- Recorded data:
= Beginning of Section =

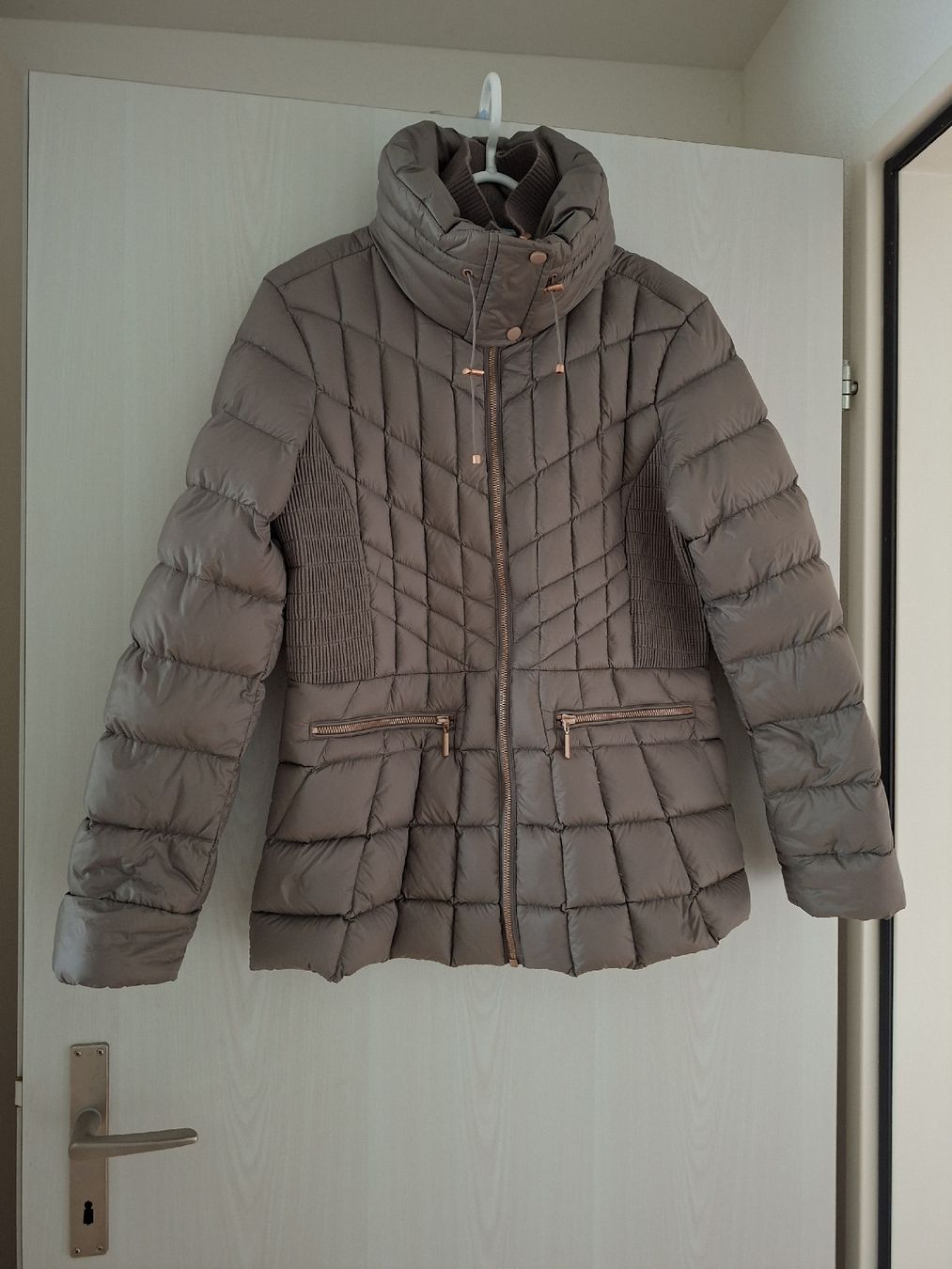 Jacken: Eine schöne, leichte Übergangsjacke – Neu (gemäss Beschreibung) aus Sattel von tul_cq8x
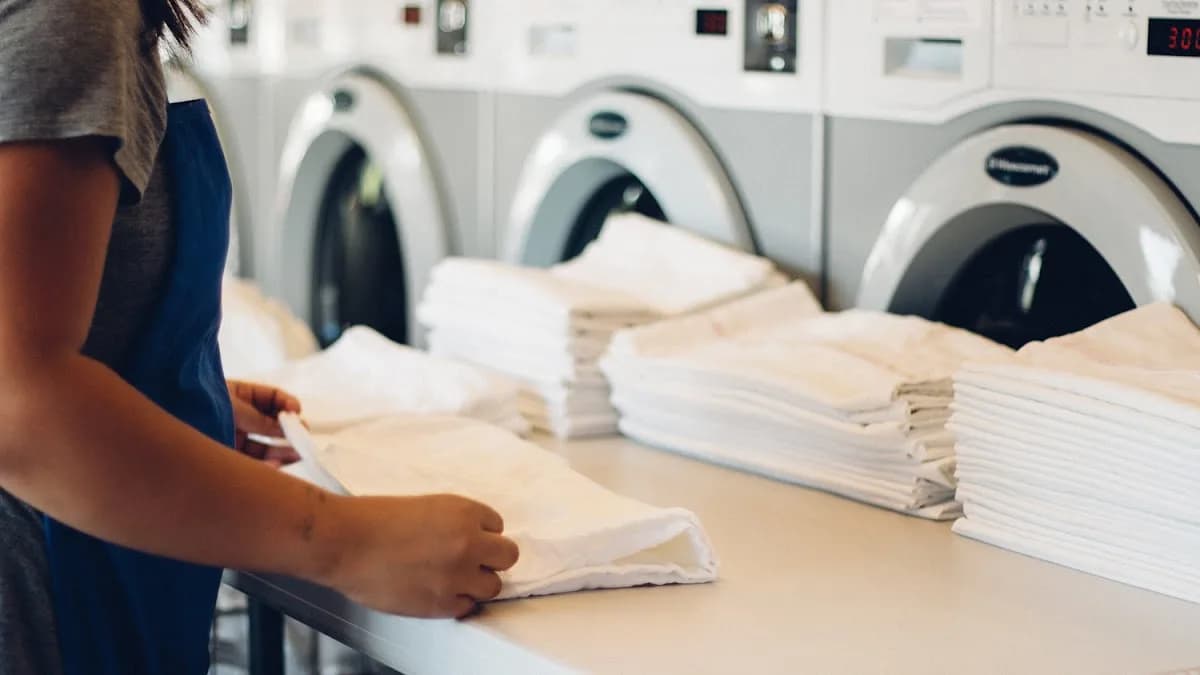 Rezzies Laundromat & Dry Cleaner in Morningside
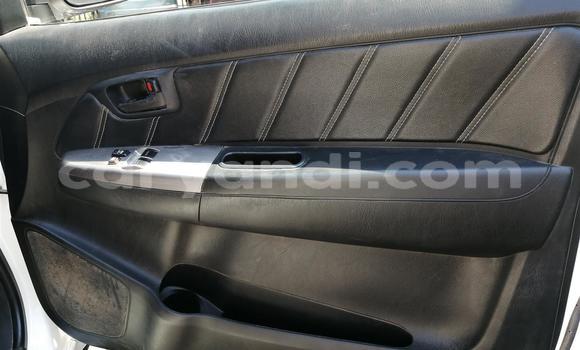 Nunua Ilio tumika Toyota Hilux Nyeupe Gari ndani ya Chilanga nchini Lusaka Nunua Ilio tumika Toyota Hilux Nyeupe Gari ndani ya Chilanga nchini Lusaka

= End of Section =

Return the complete data unchanged and include none of the pictures.

 Jacken: Eine schöne, leichte Übergangsjacke – Neu (gemäss Beschreibung) aus Sattel von tul_cq8x
 Rezzies Laundromat & Dry Cleaner in Morningside
 Nunua Ilio tumika Toyota Hilux Nyeupe Gari ndani ya Chilanga nchini Lusaka Nunua Ilio tumika Toyota Hilux Nyeupe Gari ndani ya Chilanga nchini Lusaka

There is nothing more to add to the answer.